女性はこうした就活セクハラに悩み、志望業界への就職を諦めたといいます。

■被害でも「対応せず」4人に1人

厚生労働省が4月に発表した「職場のハラスメントに関する実態調査」によると、就活セクハラを経験した人の割合は、男性が26%、女性が25.1%で、約4人に1人が被害に遭っているという結果でした。
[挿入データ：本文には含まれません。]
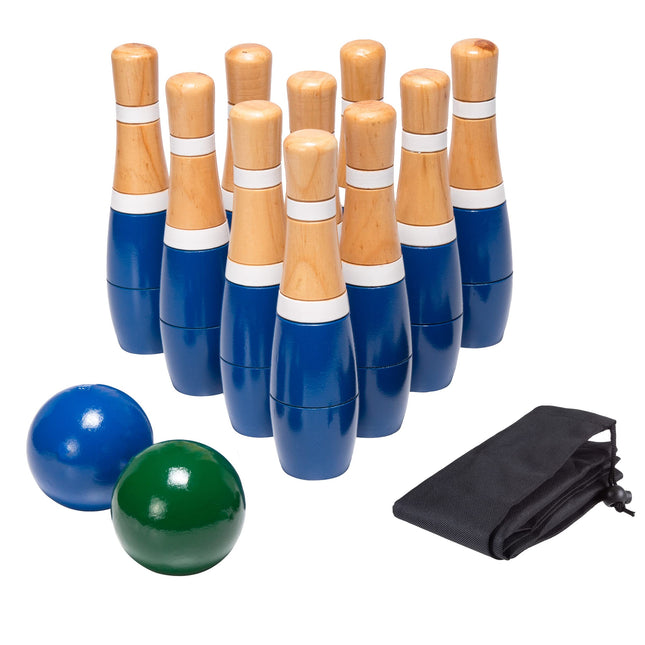 13-Piece Wood Bowling Set - Indoor/Outdoor Bowling Game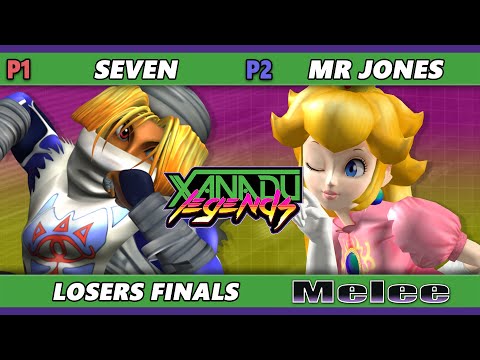 Xanadu Legends LOSERS FINALS - mr jones (Peach) Vs. Seven (Sheik) Smash Melee - SSBM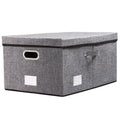 Prandom Storage Boxes with Lids Large,Collapsible Linen Fabric Storage Box,Decorative Bins,Really Useful Box,Clothing - image 1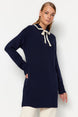 Navy Blue Collar Detailed Knitwear Sweater Tctaw24ak00053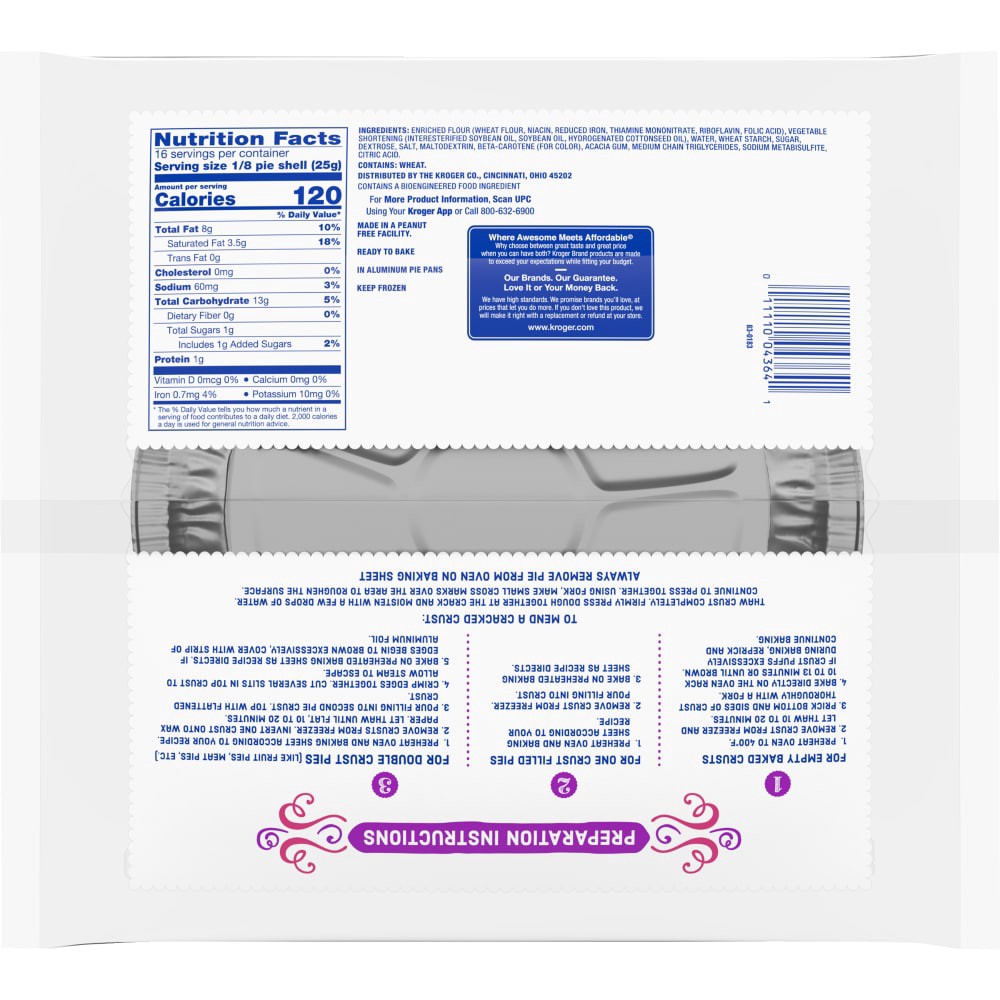 slide 2 of 3, Kroger Traditional Ready-To-Bake Pie Crusts, 2 ct; 14 oz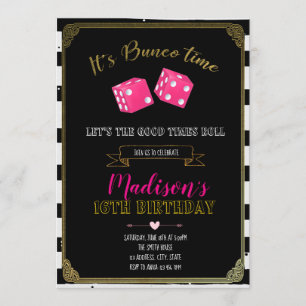 Invitación de la fiesta de cumpleaños de Bunco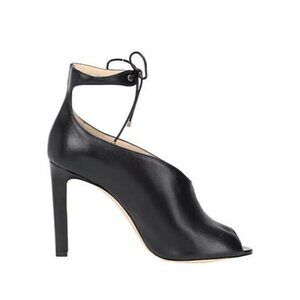 Jimmy Choo Sayra 100 Peep-Toe Leather Booties – Black – Size 39.5 / US 9.5 – NIB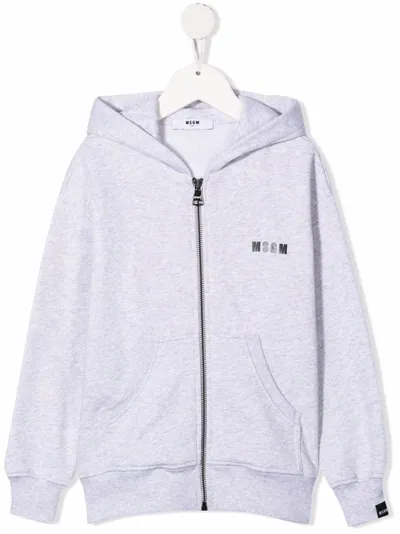 Msgm Kids' Logo-print Cotton Hoodie In Grey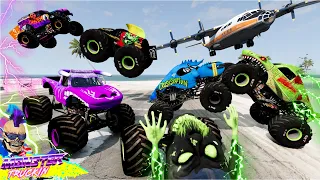 Monster Jam INSANE Racing, Freestyle and High Speed Jumps #38 | BeamNG Drive | Grave Digger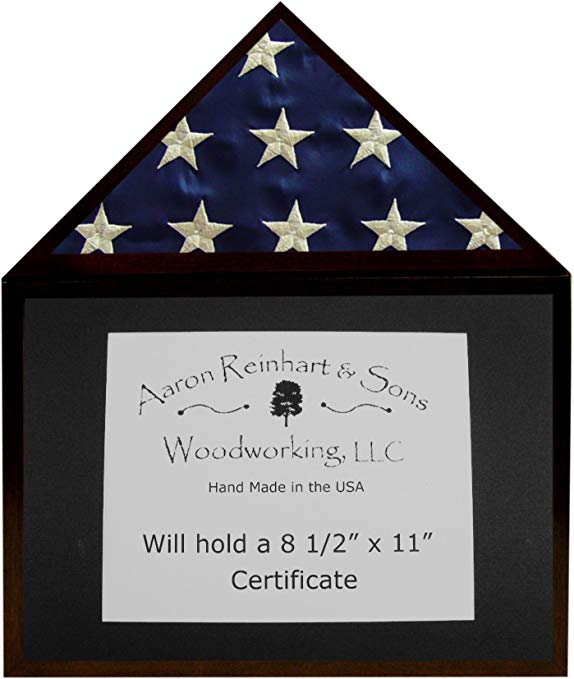 Reinhart Solid Alder 3x5 Flag Display Case w/ Certificate Holder, With Dark Finish and Black Mat-- for a Folded Flag That Measures Around 14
ただ、誰かに相談するなどの対応をしたかどうかに関しては「何もしなかった」と答えた人が24.7%(男女平均)で一番多くなりました。

■事例や対処法…大学HPに「動画」

そこで、自身も就職活動中という大学生(21)が動きました。就活セクハラを防ぐための動画を作成し、金城学院大学のホームページに公開しました。

動画を作成した大学生
「(就活での)セクハラ被害があるというのが信じられなくて、これは女子大学生の私だからこそ発信すべき内容だなと(思いました)」

イラストを使った動画では、ウェブ面接でのセクハラ事例が紹介されています。たとえば、面接官の「人事太郎」が「ウェブカメラを動かして、部屋の奥の方も見せていただけますか」と求め、就活生の「金城花子」が「え? 奥の部屋を見せるんですか?」と困惑するやり取りなども。このほか、実際の事例や言われた時の対処方法を確認することができます。

■専門家が助言…対処法は

動画を作成した大学生
「もし被害にあっても泣き寝入りしてしまわないように、就職活動をするにあたって、被害の認識と正しい対処法を身につけてほしいです。社会人の方も(動画を)見られるので、間接的に企業などのセクハラを抑止して、予防につながるのではないかなと(考えています)」

動画では一般社団法人「日本ハラスメント協会」の村嵜要代表理事が、セクハラを言われた時の対処方法として、「『申し訳ございません。選考や今回、応募させていただいた業務に直接関係するご質問でお願いします』と笑顔で答えるのが良い」と助言しています。